→ **TASK INSTRUCTIONS**
In this exercise, print only the lines of the records below from the one with "チリ中南部で山火事、死者18人に　非常事態宣言で大規模避難" through the one with "Certified 2024 Ford", inclusive. Pictures are not part of the copy.

☆ ☆ ☆ ☆ ☆ ☆ ☆

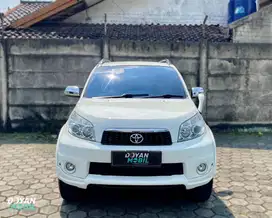 CASH TOYOTA Rush S A/T 2012 - White Metallic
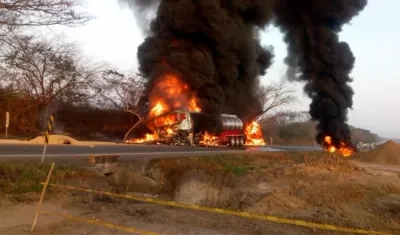 El camión se incineró después del fuerte choque.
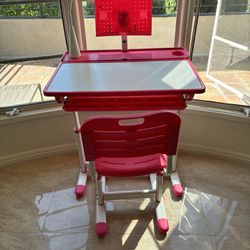Kid’s Desk & Chair Pink/White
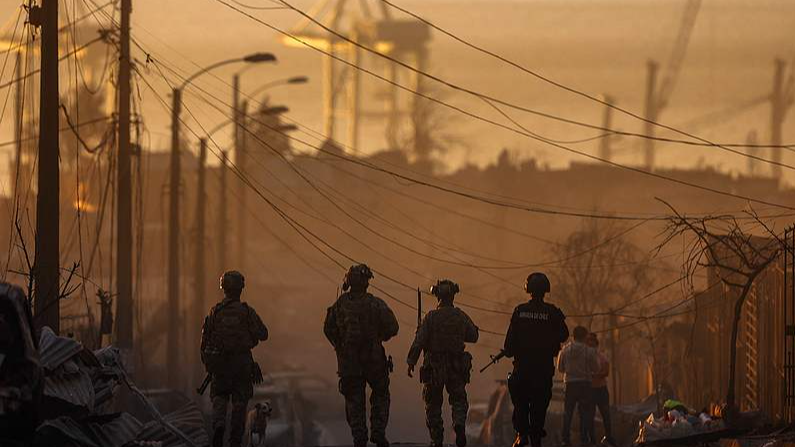 チリ中南部で山火事、死者18人に　非常事態宣言で大規模避難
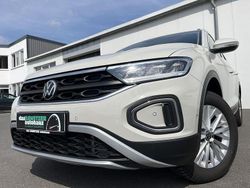 Ascotgrau Gebraucht 2024 VW T-Roc Life SUV | 25.860 € (Guter Preis)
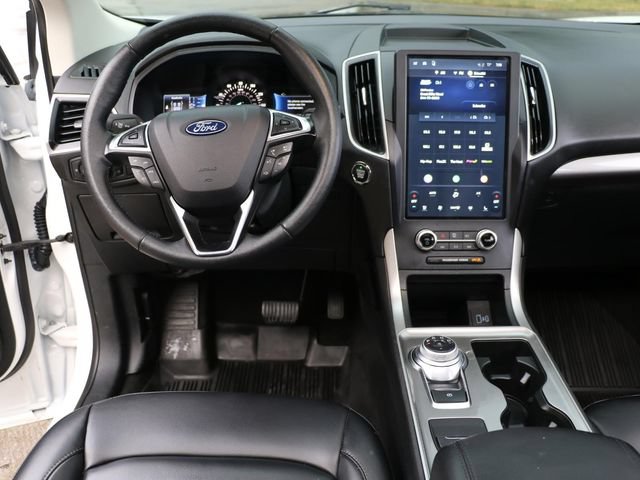 Certified 2024 Ford Edge SEL w/ Convenience Package AWD/4WD image 18
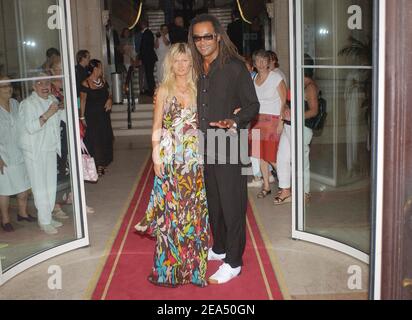 Former French tennis player Yannick Noah and his wife Isabelle attend the civil wedding of former French tennis player Henri Leconte with Florentine, at the city hall in Levallois, near Paris, France, on September 9, 2005. Photo by Mousse-Gorassini/ABACAPRESS.COM. Stock Photo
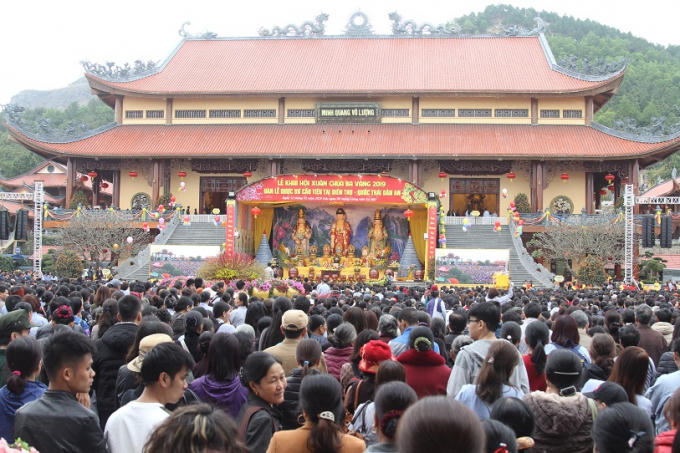 Biển người đi lễ đầu năm tại chùa Ba Vàng. (Quảng Ninh).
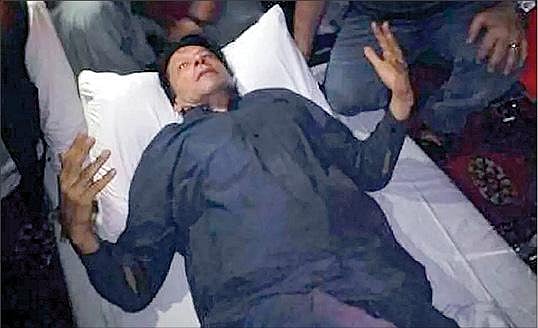 “மொத்தம் நான்கு தோட்டாக்கள் என்னை தாக்கியது..” வீல் சேரில் அமர்ந்துகொண்டு இம்ரான் கான் அளித்த பேட்டி !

☆ ☆ ☆ ☆ ☆ ☆ ☆

→ **ANSWER SPACE**
 チリ中南部で山火事、死者18人に　非常事態宣言で大規模避難
 Ascotgrau Gebraucht 2024 VW T-Roc Life SUV | 25.860 € (Guter Preis)
 Certified 2024 Ford Edge SEL w/ Convenience Package AWD/4WD image 18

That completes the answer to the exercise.